## HOW TO COMPLETE THIS TASK
Nothing in the data should change when you return it, but leave the pictures out.

## SUPPLIED MATERIAL
===============

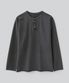 피그다잉 헨리넥 롱 슬리브 (차콜)
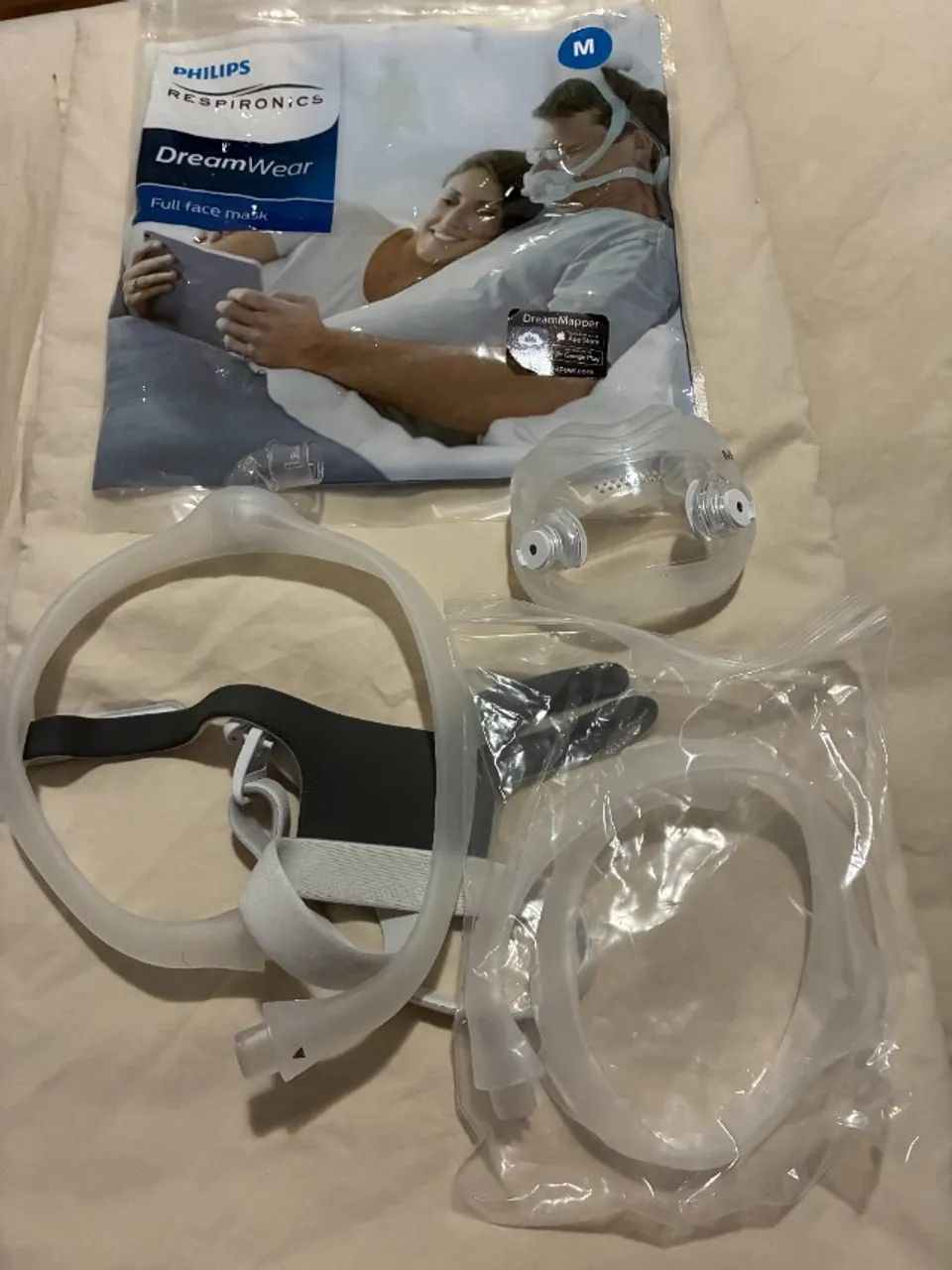 Máscara facial DreamWear Full - Philips CAPAP BIPAP  - Foto 3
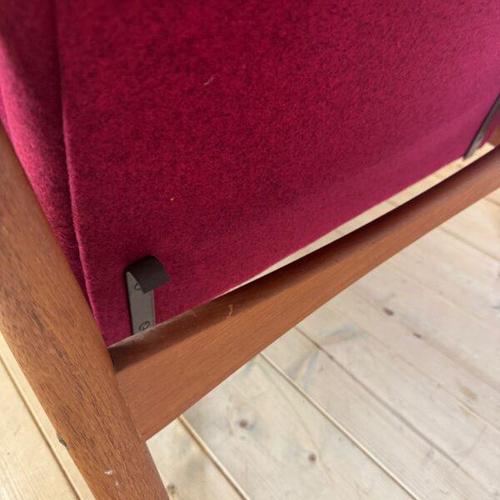 Vintage Reclining Armchair by Alf Svensson, Sweden, 1960s For Sale - Image 4 of 6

===============

## EXPECTED ANSWER
 피그다잉 헨리넥 롱 슬리브 (차콜)
 Máscara facial DreamWear Full - Philips CAPAP BIPAP  - Foto 3
 Vintage Reclining Armchair by Alf Svensson, Sweden, 1960s For Sale - Image 4 of 6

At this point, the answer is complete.